Evidence shows that, in the past two weeks, the virus has spread to a much wider age range across the county and is no longer confined to younger people in urban areas. Hospital admissions have begun to increase as a result.
Oxfordshire County Council’s Director for Public Health Ansaf Azhar said: “Across all areas of the county, we are starting to see a significant shift in the spread of the virus beyond people in their teens and 20s to older and more vulnerable age groups. This is a really concerning development. We know that, once the virus starts to spread to more vulnerable groups, then hospital cases will rise and deaths will inevitably follow.

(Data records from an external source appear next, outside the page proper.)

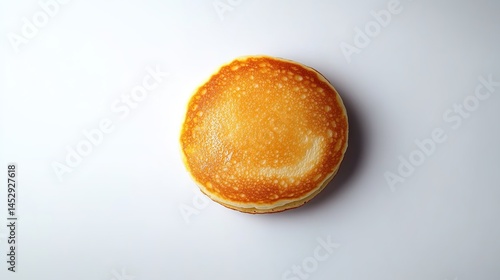 Wallpaper Mural Round golden-brown pancake on a white background. Torontodigital.ca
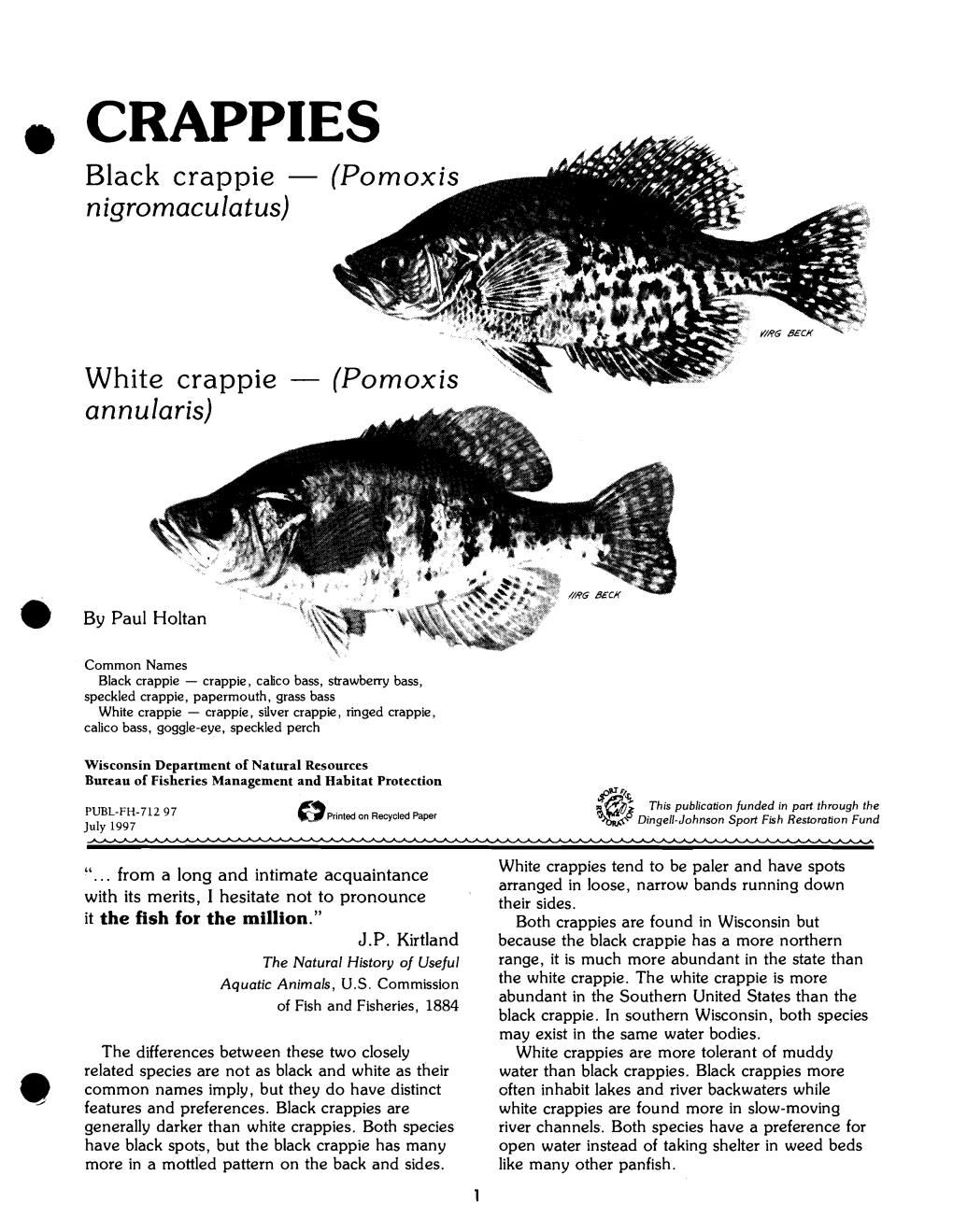 Crappie: Fact Sheet [PDF]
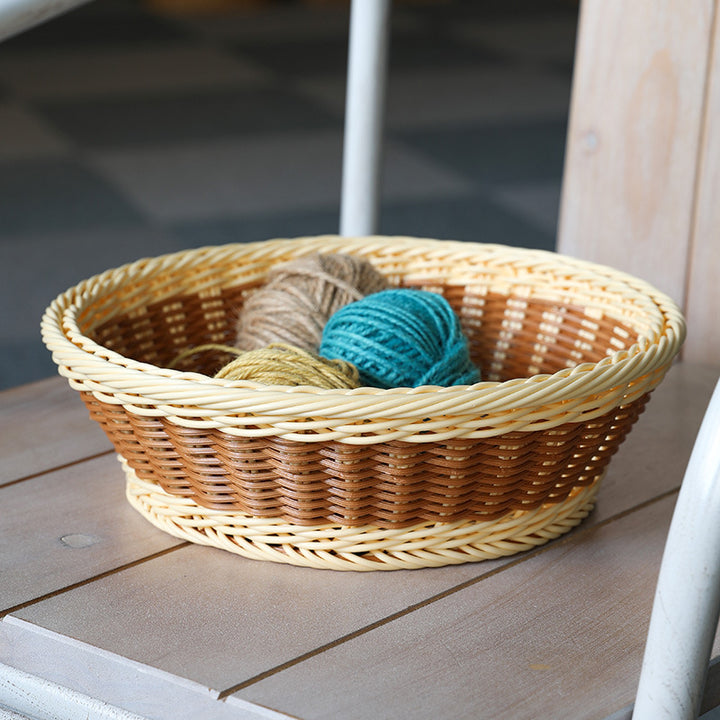 Unisex Handwoven Decorative Basket with Natural Shape Kalsten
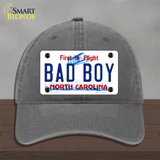 Bad Boy North Carolina Novelty License Plate Hat Unconstructed Cotton / Charcoal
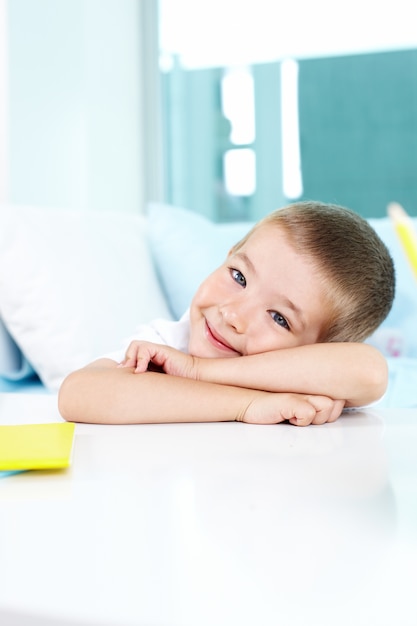 male leisure pose home sitting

“We have seen what’s been happening across the north of England and how the virus has quickly taken hold across huge swathes of the community. Based on the current trajectory of the virus, we could well find ourselves in a similar position in just a few weeks’ time if we do not take collective action now.”
“With half-term approaching, as well as events such as Halloween, Bonfire Night and Diwali coming up, it’s very easy to get caught up in the excitement of meeting up and celebrating with friends and family. But we mustn’t forget about COVID. We need to do everything we can to keep our families and communities safe and stop the spread.
“I know the temptation will be to meet up and socialise over half-term. However, the virus thrives when people are in close contact with one another. So I would strongly urge everyone to limit their social interactions and focus instead on the many COVID-secure family activities that are taking place over half-term.”
Oxfordshire is currently at the ‘medium’ or tier 1 level in the COVID-19 alert system. This is the national three-tier system, which classifies areas as medium, high or very high based on their numbers of infection and overall risk level.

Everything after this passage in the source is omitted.